High- resolution OCT provides evaluation of each corneal layer and allows as-sessment of the corneal structural changes in keratoconus. The OCT-based classification proposed by Sandali et al establishes a grading system based on the changes observed in progressive corneal ectasia. In advanced cases of keratoconus wherein the repeatability of corneal topography is less reliable, the OCT allows continued monitoring of the structural alterations [10].”

4. The authors spend considerable time in their Discussion focussing on the utility of AS-OCT in operative planning. This is helpful, however, there should also be discussion of the utility of the Amsler-Krumeich method.

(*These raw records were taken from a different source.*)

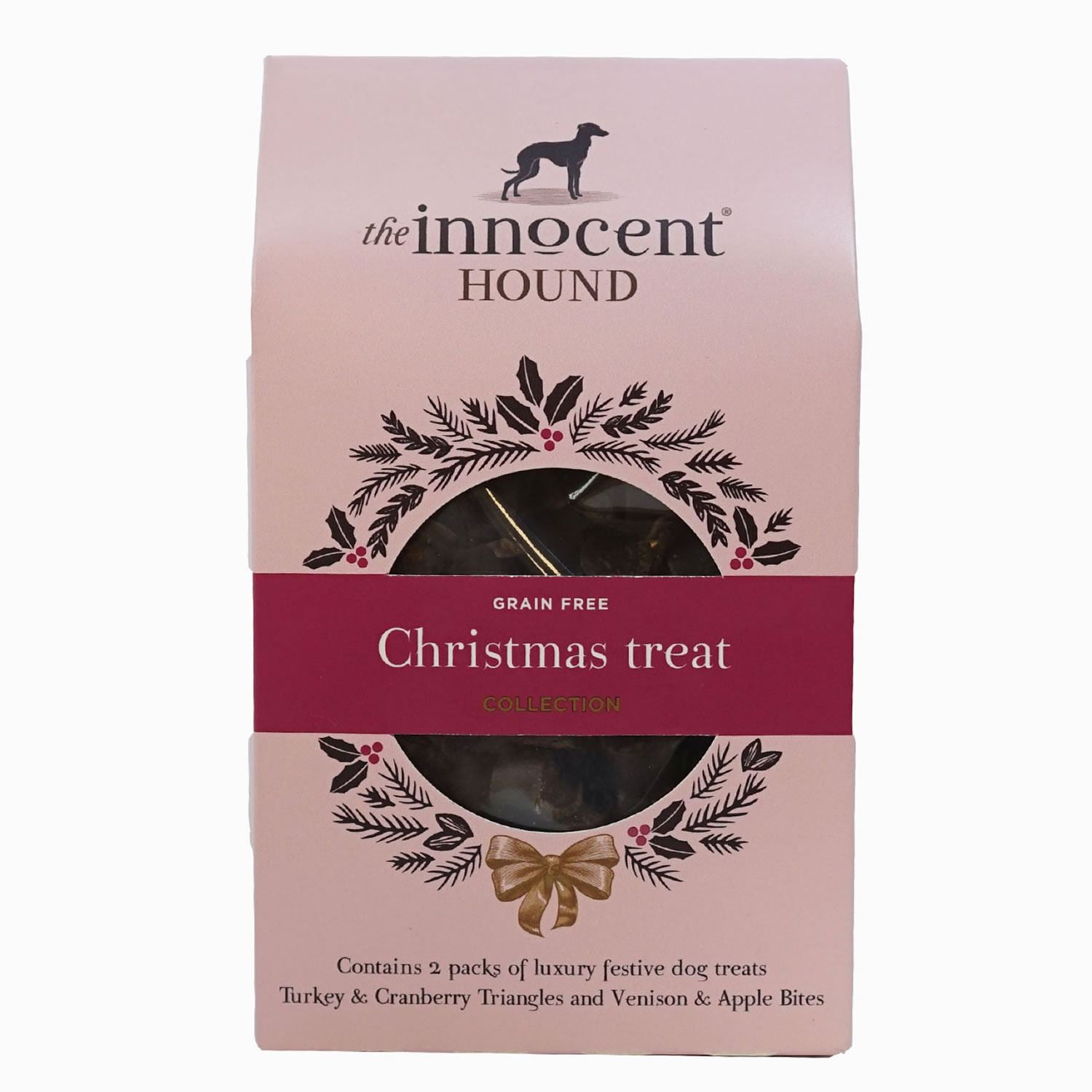 The Innocent Hound Christmas Treat Collection - Just Horse Riders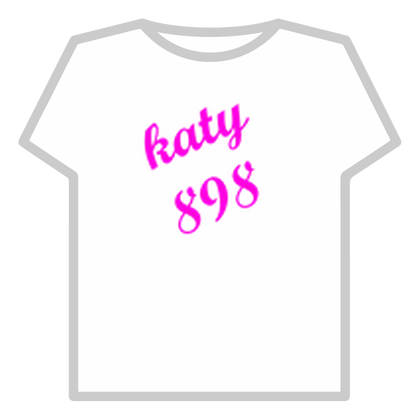 shirt for katy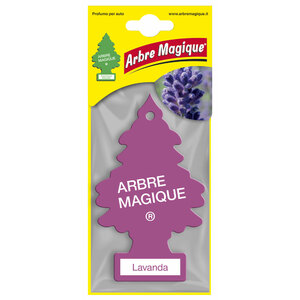 Profumi da appendere Arbre Magique Lavanda - ARBRE MAGIQUE ARBRE MAGIQUE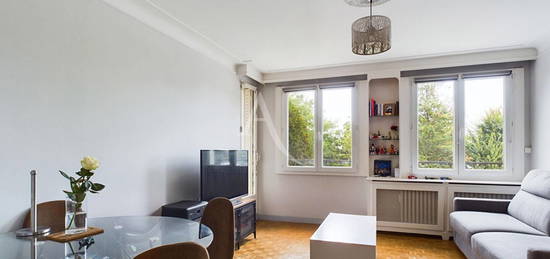 Appartement  à vendre, 2 pièces, 1 chambre, 48 m²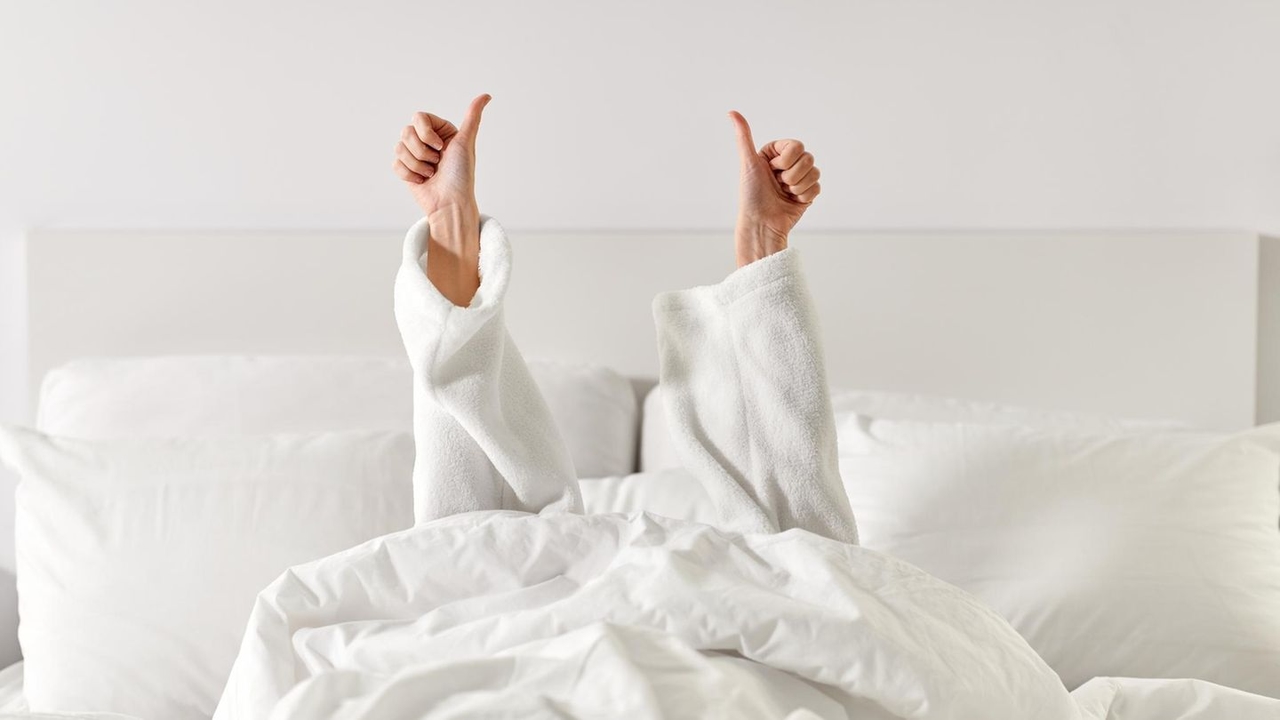 Secondo gli scienziati: questa tecnica aiuta davvero con i problemi del sonno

Reply: We have discussed further the Amsler-Krumeich classification in the Discussion (Page 7, Line 209-212). 

“Amsler-Krumeich classification is useful in the detection of keratoconus and monitoring of its progression. This is particularly important in screening candidates for refractive corneal surgery or lens-based procedures using premium IOLs such as multifocal IOLs.”

5. The authors do not comment on any of the many other classification methods for keratoconus that exist. For instance, the ABCD criteria offers an alternative to Amsler-Krumeich as well. It would be interesting to see how the authors’ patient population scores with different keratoconus staging methods.

Reply: We have added a discussion on the ABCD criteria (Page 7, Line 212-221).

Since only the anterior corneal curvature is considered in the Amsler-Krumeich classification, several other classification systems have been proposed. Using a Scheimpflug system, the ABCD grading system by Belin and associates incorporates the anterior and posterior corneal curvature, thinnest pachymetry value, and vision to characterize the tomographic and functional aspects of keratoconic corneas [11]. As tomography provides information regarding the subtle changes in the posterior corneal curvature, which precedes anterior steepening, this tomography-based classification system has been proposed to allow early diagnosis of subclinical disease. It does not however, characterize the histopathological structural changes that result in the topographic alterations associated with keratoconus.”

Round 2

Reviewer 1 Report

The authors have made a great effort to improve the article.

Author Response

Thanks for your positive comments. 

Reviewer 3 Report

The authors have substantially improved their manuscript and addressed my concerns thoroughly, however, they still claim within their Abstract that 'Amsler-Krumeich classification should be preferred in earlier stages of KC thanks to the higher diagnostic performance of milder alterations, while Sandali classification should be adopted in advanced stages in order to set up the proper surgical planning." This statement is incorrect and unsupported by the data. As mentioned in the previous set of reviews, the authors should remove this wording. They have done so from the Discussion, but need to re-read the manuscript to ensure this scientific message is removed throughout. There is no claim from the manuscript to support this assertion. 

Author Response

Thanks for your comments. We agree with you that the same modifications done in the full text should be reported also in the abstract text. Therefore, we modified the abstract's conclusions as follows:

"This results show that the 2 classifications are not fully interchangeable: the Amsler-Krumeich classification is more appropriate in identifying and longitudinally monitoring patients with early stages of KC, while Sandali classification for the diagnosis and follow-up of patients with more advanced stages, particularly when a surgical planning has to be chosen."